{x}
blog image

Peeking Iterator

Design an iterator that supports the peek operation on an existing iterator in addition to the hasNext and the next operations.

Implement the PeekingIterator class:

  • PeekingIterator(Iterator<int> nums) Initializes the object with the given integer iterator iterator.
  • int next() Returns the next element in the array and moves the pointer to the next element.
  • boolean hasNext() Returns true if there are still elements in the array.
  • int peek() Returns the next element in the array without moving the pointer.
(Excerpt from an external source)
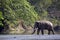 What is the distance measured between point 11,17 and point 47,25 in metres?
3.63

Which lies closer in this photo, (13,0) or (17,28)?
(13,0)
Note: Each language may have a different implementation of the constructor and Iterator, but they all support the int next() and boolean hasNext() functions.

 

Example 1:

Input
["PeekingIterator", "next", "peek", "next", "next", "hasNext"]
[[[1, 2, 3]], [], [], [], [], []]
Output
[null, 1, 2, 2, 3, false]

Explanation
PeekingIterator peekingIterator = new PeekingIterator([1, 2, 3]); // [1,2,3]
peekingIterator.next();    // return 1, the pointer moves to the next element [1,2,3].
peekingIterator.peek();    // return 2, the pointer does not move [1,2,3].
peekingIterator.next();    // return 2, the pointer moves to the next element [1,2,3]
peekingIterator.next();    // return 3, the pointer moves to the next element [1,2,3]
peekingIterator.hasNext(); // return False

 

Constraints:

  • 1 <= nums.length <= 1000
  • 1 <= nums[i] <= 1000
  • All the calls to next and peek are valid.
  • At most 1000 calls will be made to next, hasNext, and peek.

 

Follow up: How would you extend your design to be generic and work with all types, not just integer?

Solution Explanation

This problem requires designing a PeekingIterator class that extends the functionality of a standard iterator by adding a peek() method. The peek() method allows retrieving the next element without advancing the iterator. The solution involves storing a peeked element and a boolean flag to track whether an element has been peeked.

Approach

The core idea is to maintain an additional variable to store the "peeked" element and a boolean flag to indicate whether a peek operation has already been performed.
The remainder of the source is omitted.